Explicit expression for $1/e$ as a limit

Question

I am following an elementary math book: What is Mathematics and currently referring to infinite series representation of the exponent.

In deriving the explicit formula for $e$ and $1/e$, the author exploits the derivative of the log function (see attached screenshots).

I am clear till the point $e^z$ is defined as $\lim_{n\to\infty}(1+z/n)^n$. After this, the author substitutes $z$ as $1$ and $-1$ to get expansions for $e$ and $1/e$.

Here, I'm not able to understand why its okay to take $z$ as $-1$

The way I see it, $z$ equals $1/x$ (screenshot 2) and $1/x$ cannot be negative because it's the derivative of the log (monotonically increasing function)

Additional notes:

The author has defined the log function as integral(1/u)du from 1 to x. (Screenshot 3)

He then proceeds to define the exponent as an inverse operation to this 'newly discovered' log function (allowed because in the range defined (0,infinity), log is a monotonically increasing continuous function)

And only then proceeds with the argument above.

Hence, I wonder how could we take z = -1. Wouldn't it imply 1/x = -1 i.e x = -1 which is outside the defined domain for logx?

If we rather take the function as log|x|, that opens the question, how do we define log|x| as an integral? (similar to the author's approach)

How do we define the inverse of log|x| (not 1-1)?

What am I missing here?

Answer 1

For any $z$ you can define $E(z)=\lim_{n\to\infty}\left(1+\frac zn\right)^n$. The cited argument shows that $E(z)=\exp(z)$ for positive $z$, where $\exp$ is the inverse function of $\ln$. In the cited pages it is not shown that $\exp$ is an exponential function, so that writing $\exp(z)=e^z$ is not really justified.
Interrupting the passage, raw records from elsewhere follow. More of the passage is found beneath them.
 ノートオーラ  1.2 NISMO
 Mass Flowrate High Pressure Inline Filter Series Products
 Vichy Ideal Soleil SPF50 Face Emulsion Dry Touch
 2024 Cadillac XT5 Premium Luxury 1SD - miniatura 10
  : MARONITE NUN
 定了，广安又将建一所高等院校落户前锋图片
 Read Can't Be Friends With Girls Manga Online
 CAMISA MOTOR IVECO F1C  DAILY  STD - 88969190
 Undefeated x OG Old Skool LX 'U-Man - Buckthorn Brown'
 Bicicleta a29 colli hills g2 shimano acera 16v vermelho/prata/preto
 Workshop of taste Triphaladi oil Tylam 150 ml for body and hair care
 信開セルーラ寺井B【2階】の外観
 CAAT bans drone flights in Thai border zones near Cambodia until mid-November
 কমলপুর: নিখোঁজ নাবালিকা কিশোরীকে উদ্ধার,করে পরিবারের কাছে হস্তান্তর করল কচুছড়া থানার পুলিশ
For that one would need to show that the functional equation $E(x)E(y)=E(x+y)$ is satisfied, and that $E$ is a continuous function (some rather weak formulations are possible).

For any real number $z$ you get, for sufficiently large $n$, $$ \left(1+\frac zn\right)^n\left(1-\frac zn\right)^n = \left(1-\frac{z^2}{n^2}\right)^n\in\left[1-\frac{z^2}n,\,1\right] $$ the last using the Bernoulli inequality $(1+a)^n\ge 1+an$ for $a\ge -1$. From this follows $$ E(z)E(-z)=1\implies E(-z)=E(z)^{-1}. $$

This allows to extend the identification $E(z)=\exp(z)=e^z$ also to negative $z$.

Answer 2

Note that $\log\lvert x\rvert$ is differentiable in $\mathbb R\setminus\{0\}$ and if you differentiate it, you get $\frac1x$. So, yes, you can take negative values for $x$.

Answer 3

Notice that

$$1-\frac1n=\frac1{\dfrac n{n-1}}=\frac1{1+\dfrac1{n-1}}.$$

Then raising to the power $n$ or $n-1$ makes no difference (the factor tends to $1$) and

$$f(-1,n)=\frac1{f(1,n)}$$ in the limit.